> **Given records**
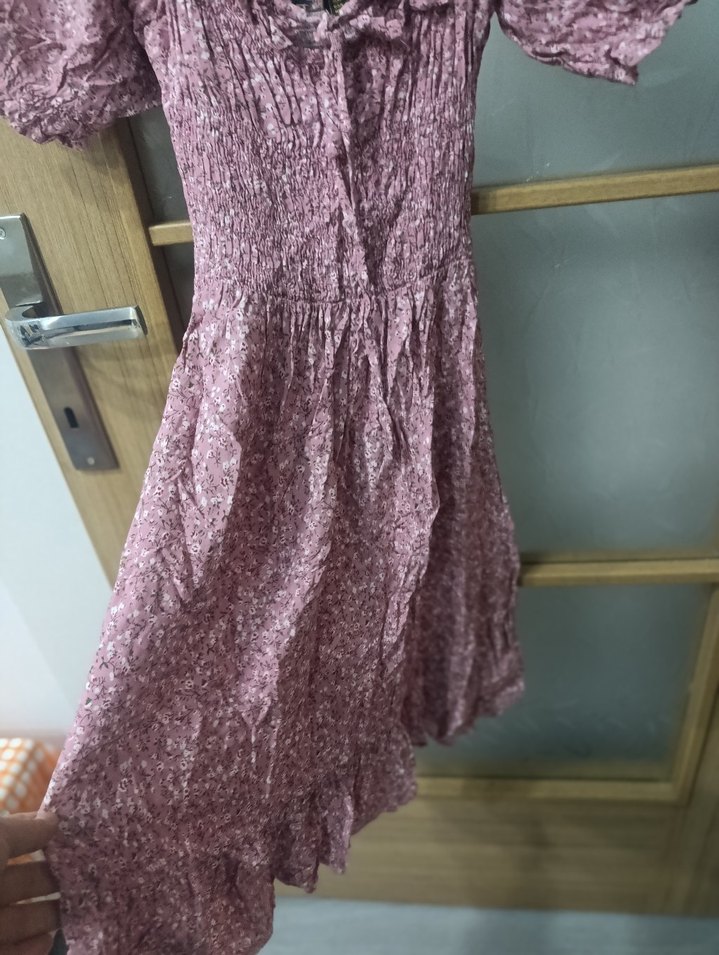 Pembe Bağcıklı Bohem Midi Elbise - Görsel 2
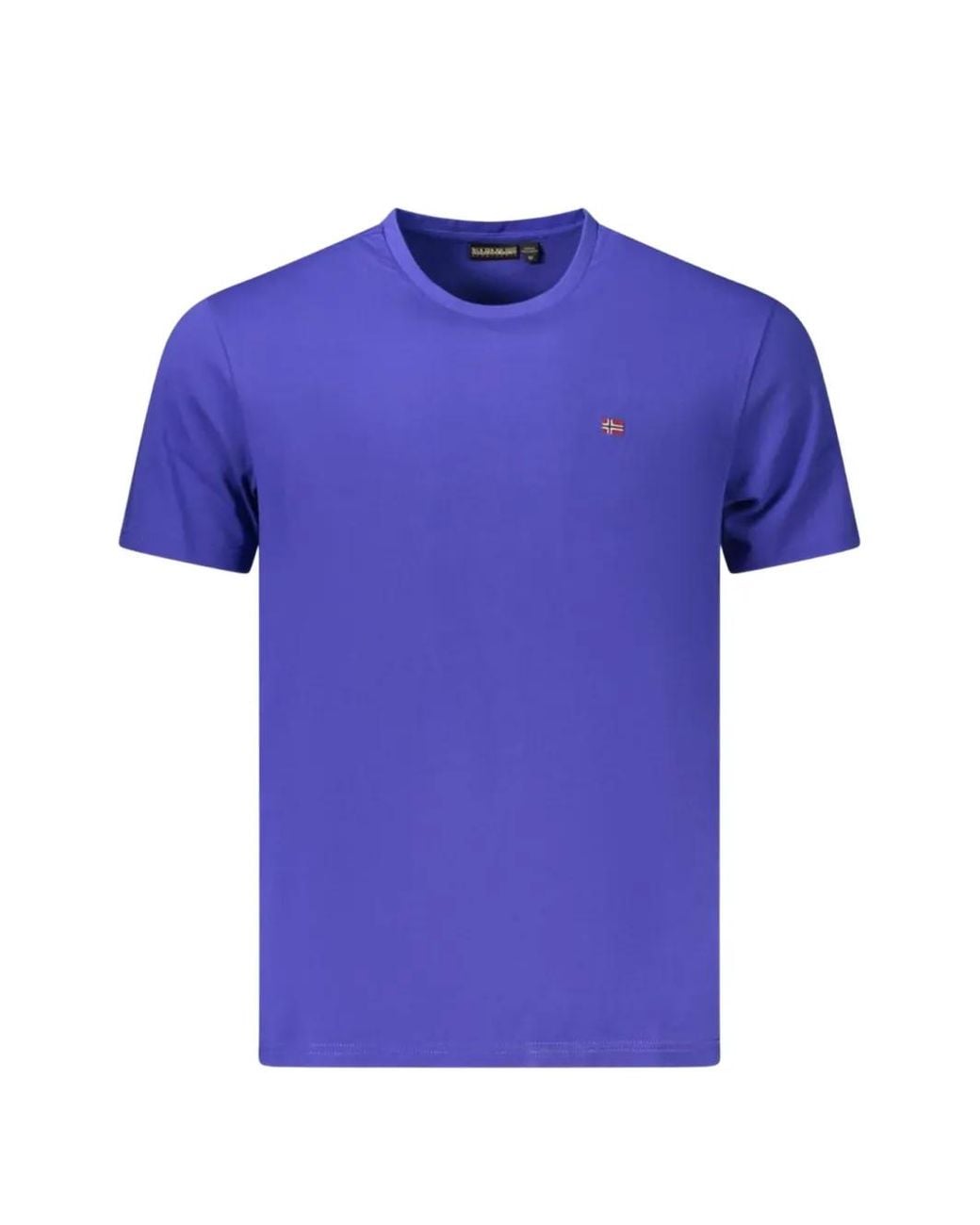Napapijri Blue Logo-Embroidered T-Shirt for men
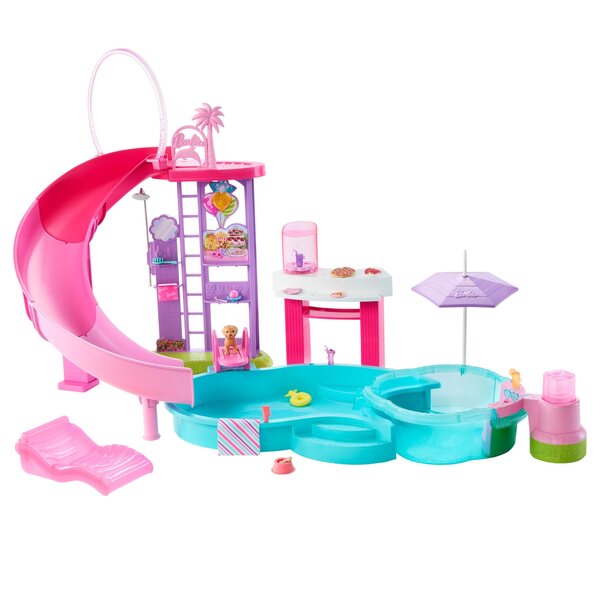 Barbie-Traumpool mit Rutsche und Sprudel-Whirlpool + 20 Zubehörteile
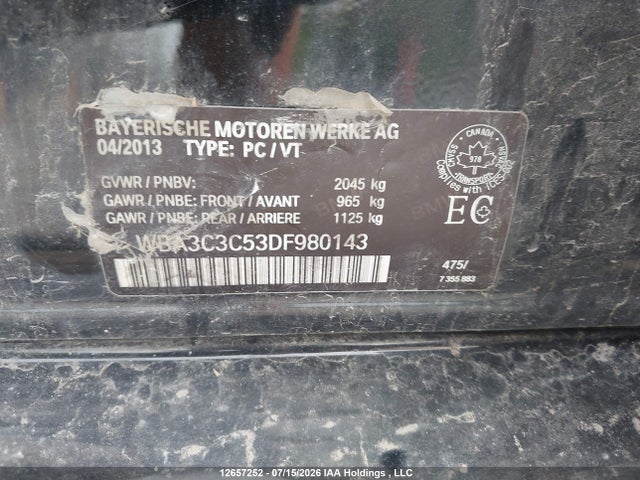 Продажа на аукционе авто 2013 Bmw 320i Xdrive, vin: WBA3C3C53DF980143, номер лота: 12657252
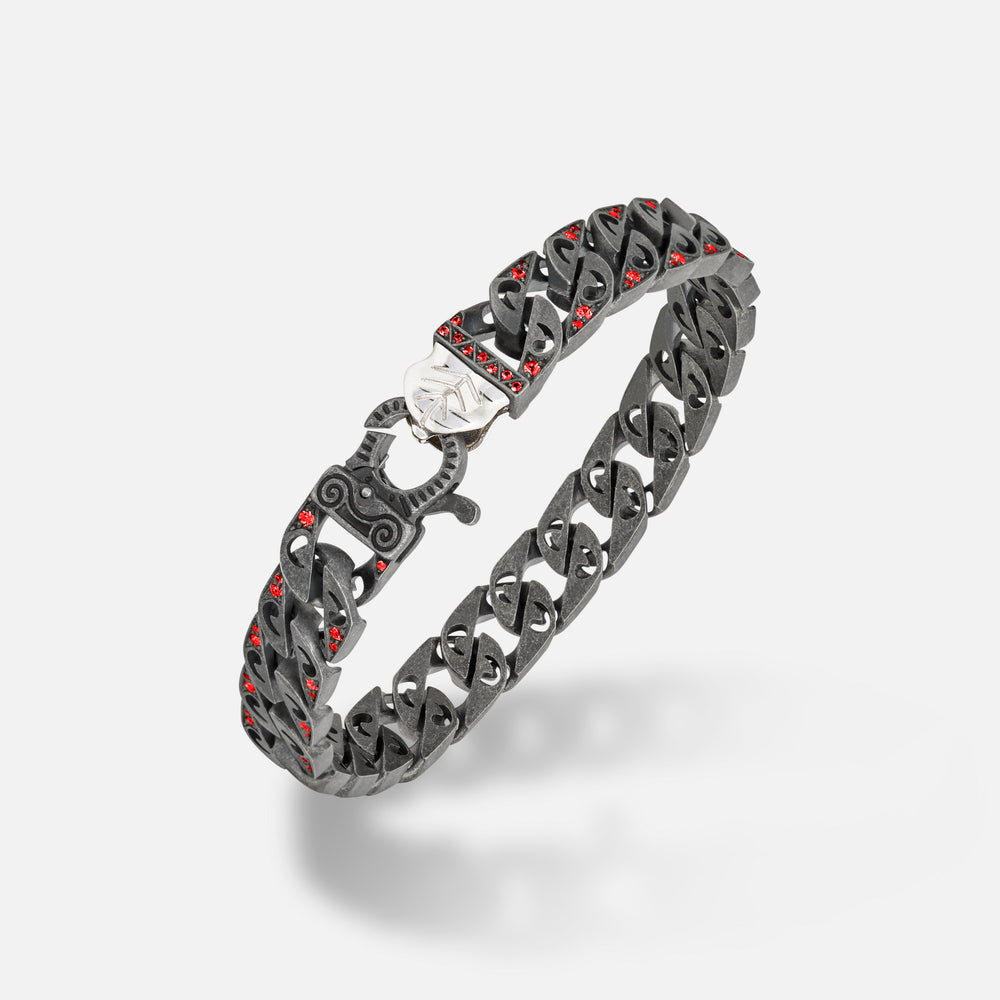 Front of Molten Loop Wide Bracelet in Polished Silver, Oxidized Silver, Red Sapphire - Bottom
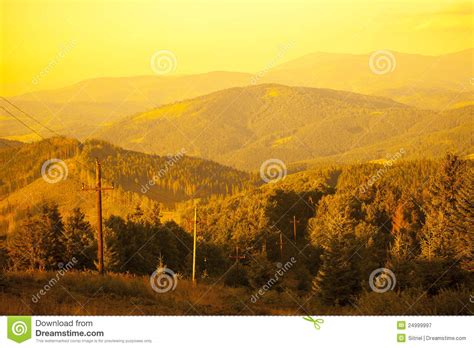 Beautiful Mountain Sunset Panorama Stock Image Image Of Panorama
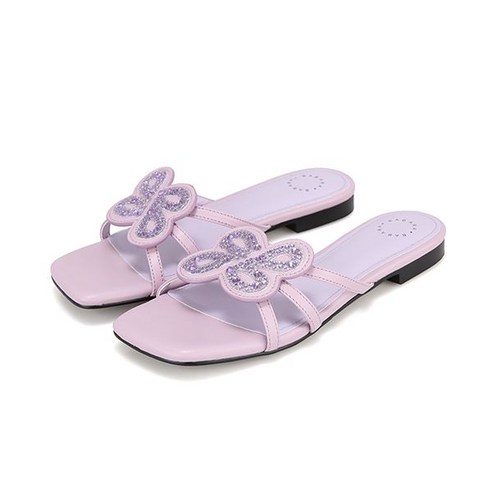 바바라 양가죽 B시그니처 장식 여성 플랫 샌들 1cmBBH331PR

> **Task requirements**
Leave the pictures out, then output exactly the lines from the "Продажа на аукционе" line through the end of the records above, and no others.

> **Result of this exercise**
 Продажа на аукционе авто 2013 Bmw 320i Xdrive, vin: WBA3C3C53DF980143, номер лота: 12657252
 Front of Molten Loop Wide Bracelet in Polished Silver, Oxidized Silver, Red Sapphire - Bottom
 Beautiful Mountain Sunset Panorama Stock Image Image Of Panorama
 바바라 양가죽 B시그니처 장식 여성 플랫 샌들 1cmBBH331PR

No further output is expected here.